Cela dit, il faut aussi tenir compte de ce que le championnat d'Europe de football de 2016 va apporter à la nation, au travers de la construction des stades – avec tout ce que cela peut générer en termes d'emplois et de profit – et les retombées touristiques – dont le montant sera sans doute nettement supérieur à 150 millions d'euros. Si l'engagement de l'État sera donc largement compensé, on peut se demander dans quelle mesure l'effort demandé pourrait se poursuivre afin de développer l'équipement de proximité ou l'encadrement. Cela permettrait de porter la part du secteur sportif à 2 % du PIB.

Le Comité français du sport international a en effet été mis sur pied pour fédérer les différentes entités existantes, sachant qu'on a souvent péché par le fait que chacun ne s'adressait pas toujours à son interlocuteur naturel.
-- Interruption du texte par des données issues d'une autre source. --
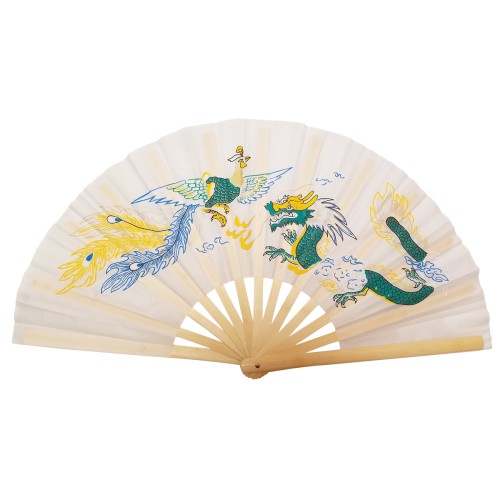 Dragon Phoenix White Fan
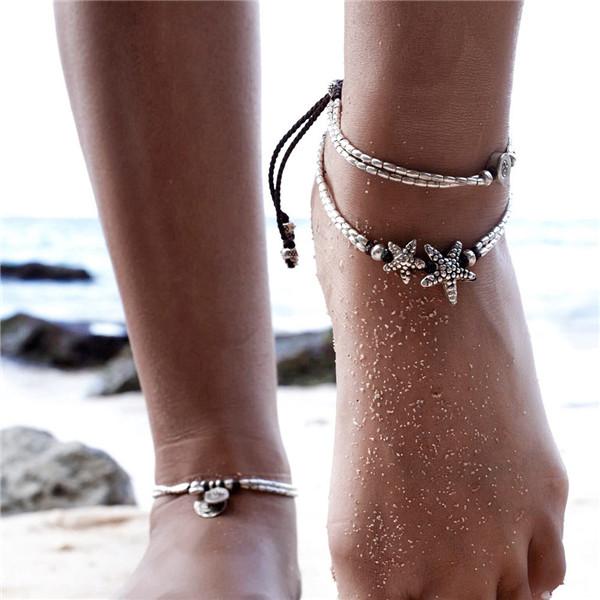 Bulk Jewelry National retro style starfish rune anklet wholesale  JDC-AS-d004 Wholesale factory from China YIWU China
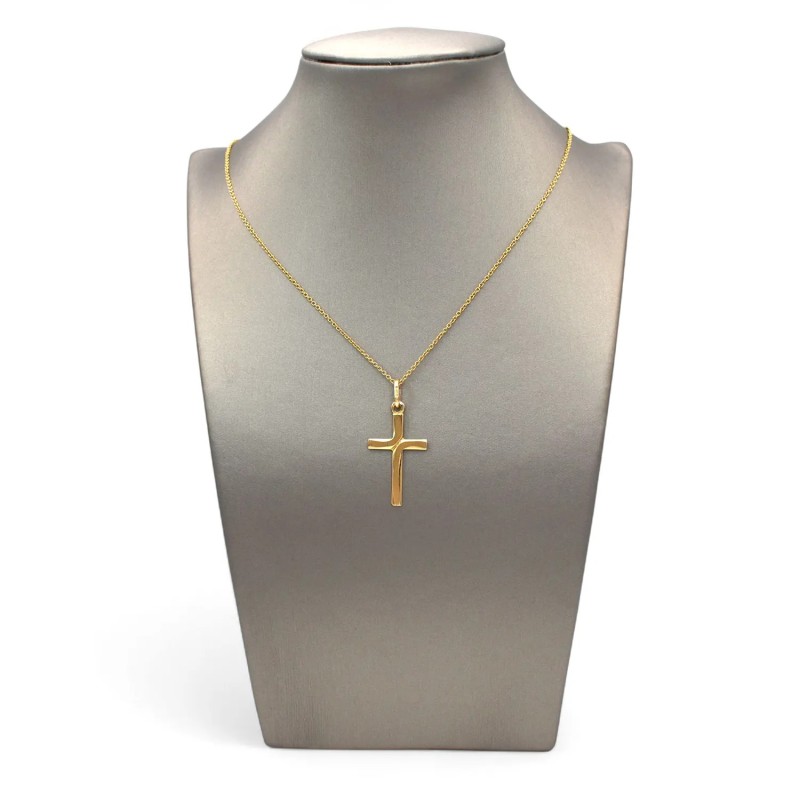 18kt Yellow Gold Smooth and Satin Cross Pendant - 3.5cm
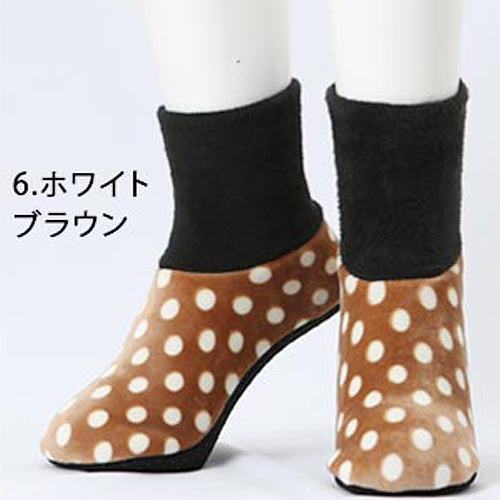 【送料無料】 ベルベット 水玉柄 ミドルタイプ 22.5~25.0cm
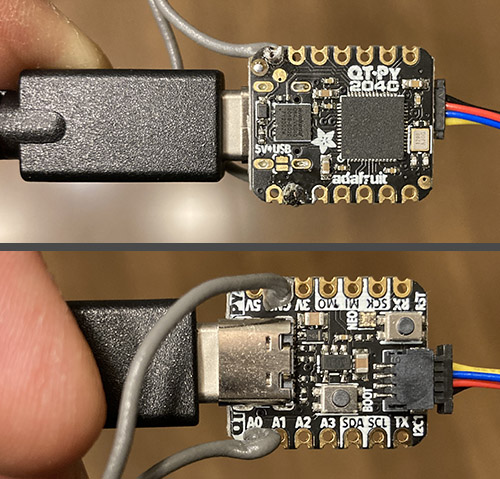 bottom and top view of the QT Py RP2040 microcontroller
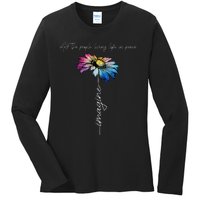 All The People Imagine Living Life In Peace Vintage Flower Ladies Long Sleeve Shirt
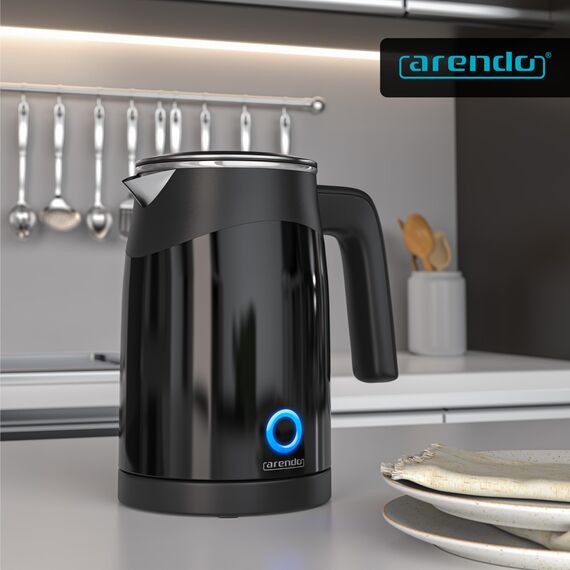 Arendo 0.5l Edelstahl Wasserkocher mit Temperatureinstellung im Doppelwand-Design - 0,5l Wasser-Füllmenge - 5 Temperaturstufen einstellbar - Single Teekocher - Warmhaltefunktion - Energiesparend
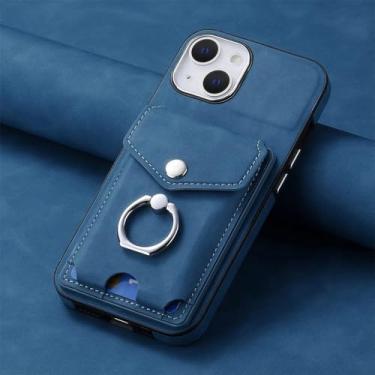 Imagem de Capa de celular com anel de couro PU galvanizado para iPhone 13 12 Mini 16 15 14 11 Pro XS Max XR 7 8 Plus, carteira com capa porta-cartão, azul, para iPhone 7Plus (8Plus)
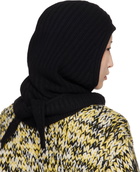 GANNI Black Wool Mix Balaclava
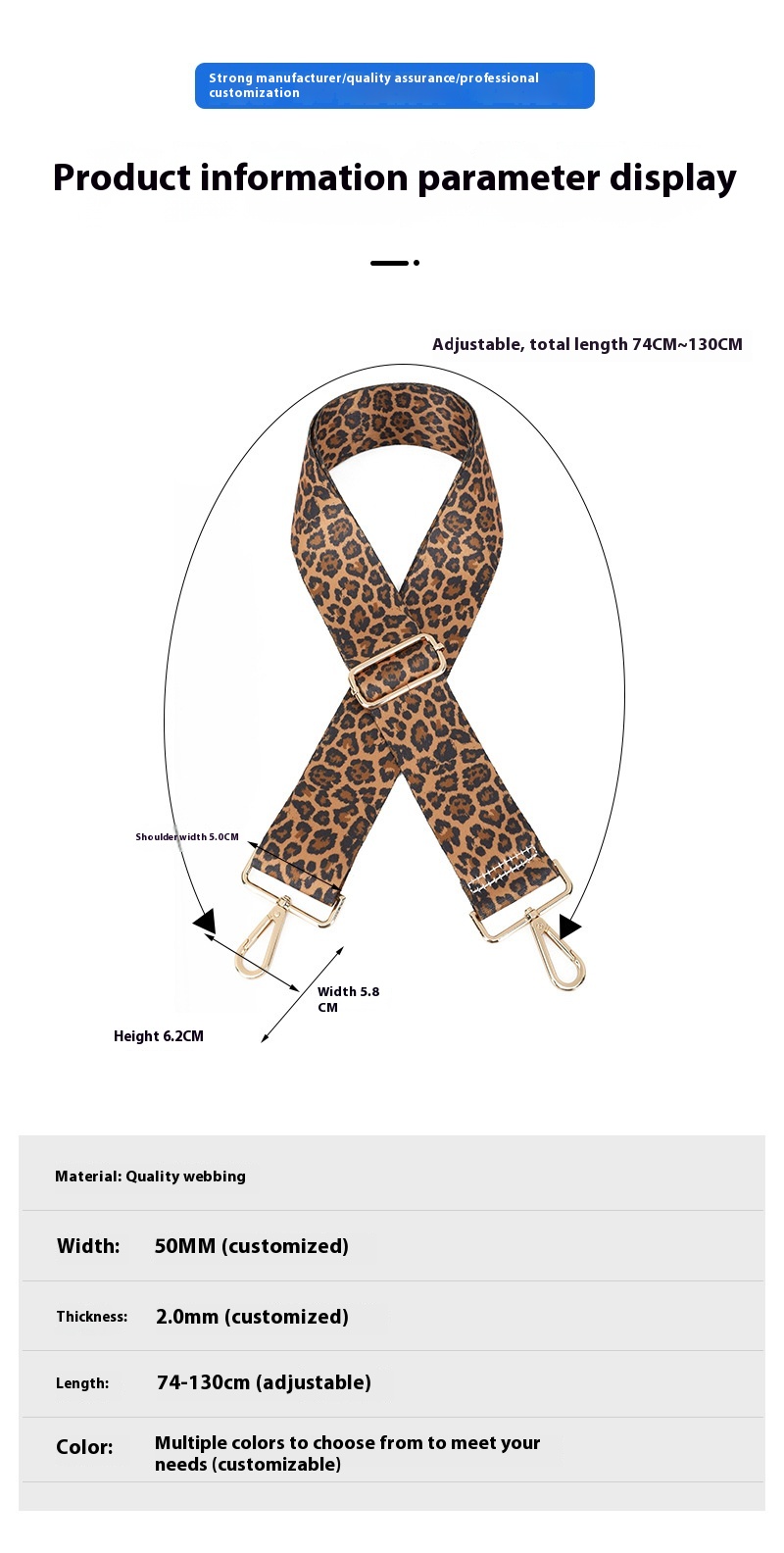 Title 9, All-matching Bag Strap Leopard Shoulder Strap F...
Les interlocuteurs du mouvement sportif international doivent être les représentants du mouvement sportif français – même si, pour organiser des jeux olympiques, on a évidemment besoin d'un engagement de l'État –, de même que ceux du monde diplomatique sont les diplomates français et ceux du monde économique les représentants de l'économie nationale. Il faut avoir un langage commun tout en permettant à chacun de rester dans son champ de compétences.
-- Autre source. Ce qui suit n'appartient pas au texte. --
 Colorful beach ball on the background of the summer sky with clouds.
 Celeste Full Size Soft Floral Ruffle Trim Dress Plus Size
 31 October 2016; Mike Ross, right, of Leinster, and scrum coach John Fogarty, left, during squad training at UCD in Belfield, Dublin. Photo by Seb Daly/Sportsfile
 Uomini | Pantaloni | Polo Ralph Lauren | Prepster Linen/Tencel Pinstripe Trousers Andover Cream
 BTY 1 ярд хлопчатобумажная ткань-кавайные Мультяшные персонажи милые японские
Je rappelle que la voix du mouvement sportif a toujours été présente dans les derniers comités de candidature qui ont eu lieu. Il était donc inconcevable que le président d'un tel comité ait pu être nommé par une ministre sans qu'elle prenne l'avis ni du président du CNOSF ni du maire de la ville candidate, lesquels sont les deux signataires auprès du CIO ! Un tel comportement ternit notre image à l'international et il n'est pas simple de le faire oublier.

S'agissant du Conseil national du sport, j'ai rappelé les motifs qui avaient suscité notre mauvaise humeur. On ne peut pas faire une opération de communication lorsqu'on est en désaccord sur un certain nombre de points. Nous nous sommes expliqués avec la ministre et son cabinet et nous participerons avec énergie et enthousiasme aux travaux de cette instance qui, je le rappelle, est destinée à la concertation et non à la gouvernance. Il faut qu'on puisse vérifier que ces travaux débouchent sur une véritable évolution du modèle sportif français.